◆ Task instructions ◆
Could you repeat all of the entries word for word, minus any pictures?

◆ Records supplied ◆
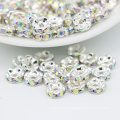 Best Selling IA0205 Nickel Black Plating Metal Crystal AB Rhinestone Rondelle Spacer Beads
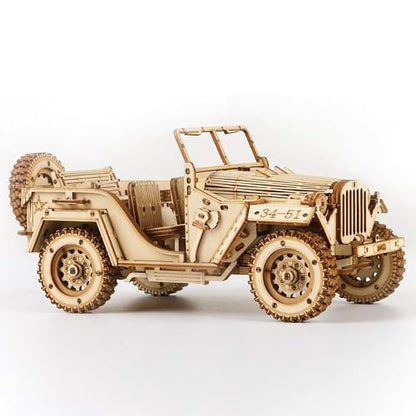 ROKR 3D Wooden Puzzle for Adults Mechanical Car Model-DIY Building Vehicle Kits-Brain Teaser Toys-Gift for Men Women on Birthday/Christmas Day (Army Field Car)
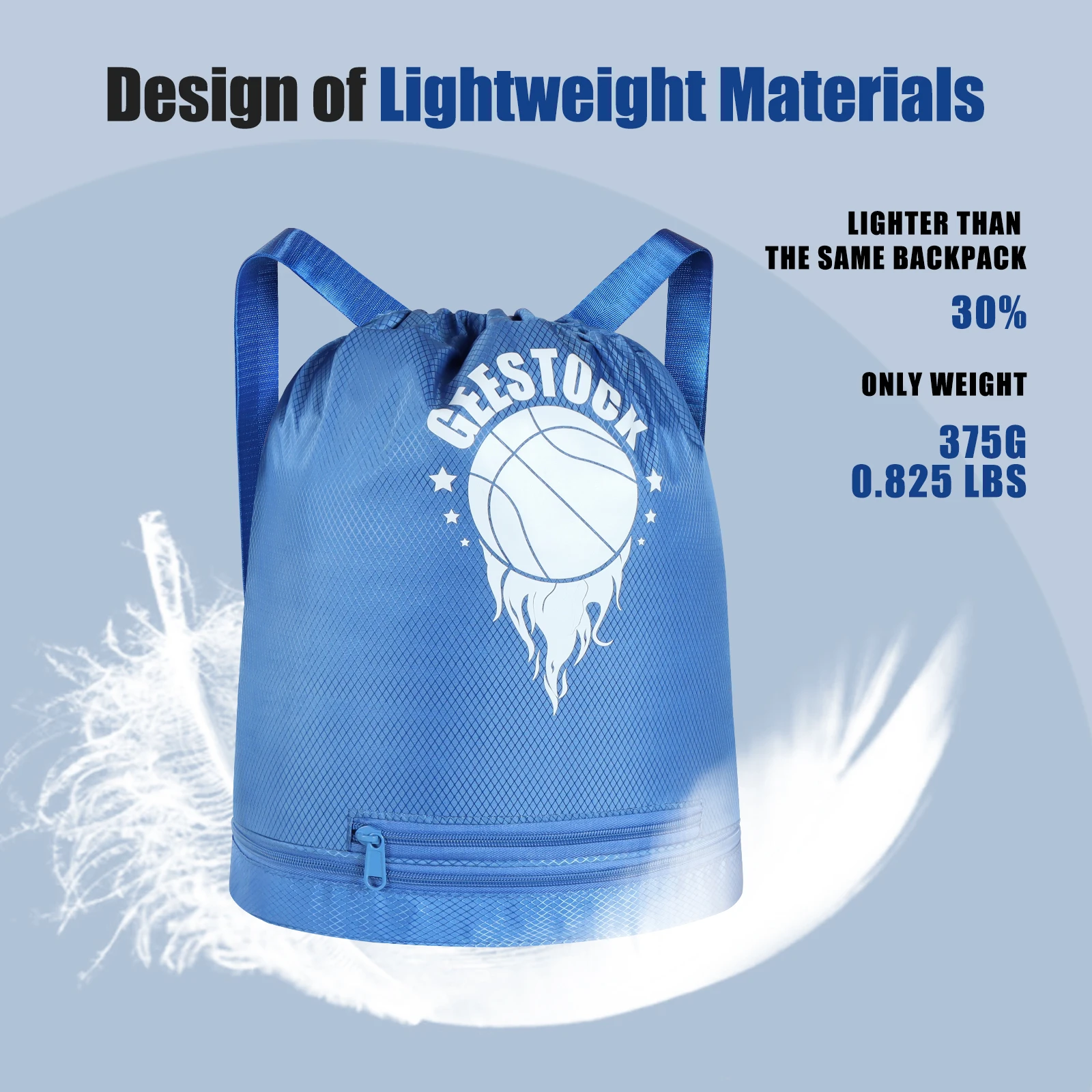 Tas Olahraga Gym Fitness Yoga dengan Kantong Sepatu dan Kantong Anti Air untuk Sepak Bola, Bola Basket, Perjalanan Luar Ruangan, Tas Olahraga Hiking, Mendaki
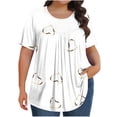 thumbnail image 1 of Plebaso Hauts pour Femmes Grande Taille Manches Courtes Blouses Plissées Décontractées Col Rond Été Tuniques Amples, 1 of 6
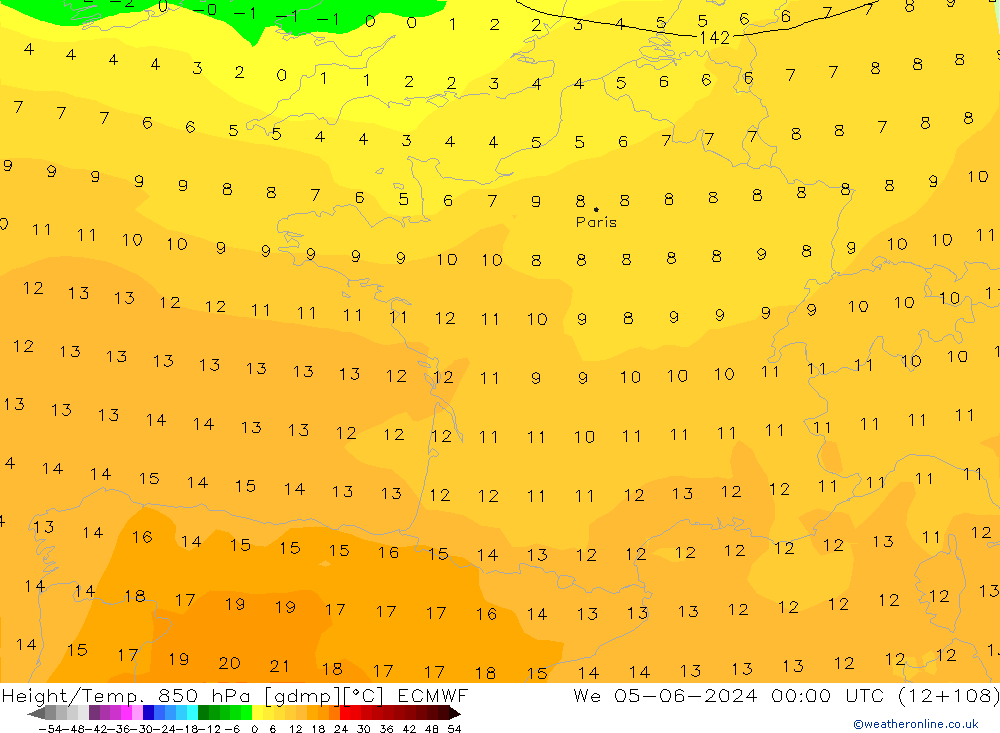 Height/Temp. 850 hPa ECMWF We 05.06.2024 00 UTC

◆ Expected answer ◆
 Best Selling IA0205 Nickel Black Plating Metal Crystal AB Rhinestone Rondelle Spacer Beads
 ROKR 3D Wooden Puzzle for Adults Mechanical Car Model-DIY Building Vehicle Kits-Brain Teaser Toys-Gift for Men Women on Birthday/Christmas Day (Army Field Car)
 Tas Olahraga Gym Fitness Yoga dengan Kantong Sepatu dan Kantong Anti Air untuk Sepak Bola, Bola Basket, Perjalanan Luar Ruangan, Tas Olahraga Hiking, Mendaki
 thumbnail image 1 of Plebaso Hauts pour Femmes Grande Taille Manches Courtes Blouses Plissées Décontractées Col Rond Été Tuniques Amples, 1 of 6
 Height/Temp. 850 hPa ECMWF We 05.06.2024 00 UTC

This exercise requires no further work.